Tea mosquito bug is a destructive polyphagous pest. Besides tea it also attacks cashew, guava, mango, Jasminum scandens, Mikania micrantha, Acalypha, Duranta etc. (Sundaraju and Sundarababu, 1999). In nature, polyphagous pests tend to be mono or oligophagic at the micro ecological level and their populations could be made up of individuals that are predominantly monophagous (Karowe, 1989). Hence, polyphagy at the species level does not necessarily imply polyphagy at the individual level (Cunningham et al., 1999). The selective use among diverse resources may lead to the evolution of ecological specialization and adaptation (Berenbaum, 1996; Kawecki, 1997). The versatility may be due to the presence of a strong genetic variability making it a serious pest. In this regard a better understanding of the genetic differences of H. theivora can be very useful to understand the structure and population dynamics, their behavior and response to various selection pressures.

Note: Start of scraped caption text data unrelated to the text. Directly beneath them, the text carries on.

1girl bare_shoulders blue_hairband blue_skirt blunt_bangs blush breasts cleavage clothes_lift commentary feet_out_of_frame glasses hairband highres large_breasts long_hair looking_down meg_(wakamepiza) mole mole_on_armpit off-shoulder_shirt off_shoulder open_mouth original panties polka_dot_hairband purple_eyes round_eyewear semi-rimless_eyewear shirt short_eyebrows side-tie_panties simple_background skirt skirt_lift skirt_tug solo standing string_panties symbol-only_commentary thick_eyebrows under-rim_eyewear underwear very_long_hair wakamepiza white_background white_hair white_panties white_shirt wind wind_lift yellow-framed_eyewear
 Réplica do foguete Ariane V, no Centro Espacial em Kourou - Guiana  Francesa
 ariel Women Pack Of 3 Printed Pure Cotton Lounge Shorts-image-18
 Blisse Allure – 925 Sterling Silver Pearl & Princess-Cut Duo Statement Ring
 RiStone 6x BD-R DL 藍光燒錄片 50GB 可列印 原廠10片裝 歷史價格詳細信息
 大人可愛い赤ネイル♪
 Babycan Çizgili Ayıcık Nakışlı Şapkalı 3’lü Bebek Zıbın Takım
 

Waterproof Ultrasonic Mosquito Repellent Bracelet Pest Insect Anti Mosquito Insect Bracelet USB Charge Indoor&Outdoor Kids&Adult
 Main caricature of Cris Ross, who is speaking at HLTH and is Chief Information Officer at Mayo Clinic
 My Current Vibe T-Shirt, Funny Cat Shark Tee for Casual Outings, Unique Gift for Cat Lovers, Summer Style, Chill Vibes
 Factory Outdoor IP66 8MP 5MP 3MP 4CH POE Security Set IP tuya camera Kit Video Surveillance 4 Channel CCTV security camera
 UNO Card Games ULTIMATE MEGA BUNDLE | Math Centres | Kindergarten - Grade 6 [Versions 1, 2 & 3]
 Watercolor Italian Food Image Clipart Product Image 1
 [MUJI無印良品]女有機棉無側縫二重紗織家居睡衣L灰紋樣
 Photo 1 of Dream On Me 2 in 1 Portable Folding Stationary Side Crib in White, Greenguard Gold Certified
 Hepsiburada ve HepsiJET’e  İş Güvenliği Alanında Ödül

Molecular variability among 10 populations of Spodoptera frugiperda (Lepidoptera: Noctuidae), collected from maize (Zea mays L.) and cotton (Gossypium hirsutum L.) located at distinctive geographical regions in Brazil, was assessed through RAPD-PCR (Martinelli et al., 2006). One of the species of Hemiptera, Bemisia tabaci (Gennadius), the most important pests of agricultural crops world wide has been extensively studied. There are three biotypes-A, B and C. Molecular studies have been done thoroughly on B. tabaci. In Brazil, RAPD-PCR was used to survey the B biotype and other biotypes because correct identification is problematic due to highly polymorphic with extreme plasticity in key morphological characters that vary according to host (Lima et al., 2000). The green bug Schizaphis graminum (Rondani) is one of the most important cereals pests in the world. Within populations of this species, several biotypes, which are clones that share same virulence relationships with cultivated plants, can be distinguished. Characterization and genetic relationships among Brazilian biotypes of green bug, Schizaphis graminum (Rondani) (Hemiptera: Aphididae) has been studied by using RAPD markers (Lopes-da-Silva et al., 2004).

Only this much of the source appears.